A hundred-year-old lime tree shades the terrace, and the tables beneath it are the most fought-over seats in the village. Le Tilleul sits just past the stone rampart gate on Place du Tilleul, where Steven Trucco cooks a Provençal carte that runs from a EUR16 plat du jour to truffle risotto and a fillet of sea bass finished like a bouillabaisse. Two-course menus start at EUR32. The Michelin Guide and Gault&Millau both list it, yet nobody books a year out. They come for lunch in the shade and a glass of Bandol rosé.
The Kitchen
Steven Trucco runs the kitchen, cooking a Provençal repertoire crossed with the Italian influence that has shaped this stretch of the Côte d'Azur for a century. The menu moves with the morning market: scallop and truffle risottos in the cooler months, roast guinea fowl supreme, and a sea bass fillet served en bouillabaisse, the saffron broth poured at the table. A short list of dishes of the day starts at EUR16, alongside set menus at EUR32 for two courses and EUR39 for three.

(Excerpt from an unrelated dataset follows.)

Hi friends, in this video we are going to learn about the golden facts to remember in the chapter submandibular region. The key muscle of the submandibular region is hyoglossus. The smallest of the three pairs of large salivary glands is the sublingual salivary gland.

The cooking is gourmet bistro rather than tasting-menu theatre: classic technique, regional produce, no foam. Both the Michelin Guide and Gault&Millau list Le Tilleul, recognition that tracks consistency more than ambition. The address does real work. Le Tilleul sits on Place du Tilleul, just beyond the gate into the old town, so the terrace looks out across the valley instead of into a crowded lane. Trucco's team also runs a salon de thé between services, which keeps the terrace working from noon until dinner begins at 19:30.
The Room
The terrace is the room. Tables sit under the lime tree on Place du Tilleul, spaced generously, with the valley dropping away beyond the parapet. A small stone-walled dining room handles cooler evenings and keeps an open view of the village. Lighting is daylight by day and low and warm after dark. The sound level stays conversation-easy: this is a village square, not a packed bistro, and the loudest thing is usually the cicadas. Dress is smart-casual, leaning to holiday linen. The room seats roughly fifty across the terrace and interior, and turns gently rather than twice a night.
Best for a First Date
Book Le Tilleul for a first date because the terrace does the work before the food arrives. The lime tree and the valley view set a scene no interior can fake, the tables sit far enough apart to talk, and the EUR32 lunch menu lets you settle the cheque without a flinch on a first meeting. Come at midday for the light or at the start of dinner service for the sun going down over the hills. Order the truffle risotto to share, a bottle of Bandol rosé, and let the afternoon stretch into the tea-room hours. Ask for a table at the parapet edge when you reserve.
Not for
Skip it if you want a hushed, ambitious tasting menu. This is a market-driven Provençal bistro, and at midday in summer the terrace runs full and lively.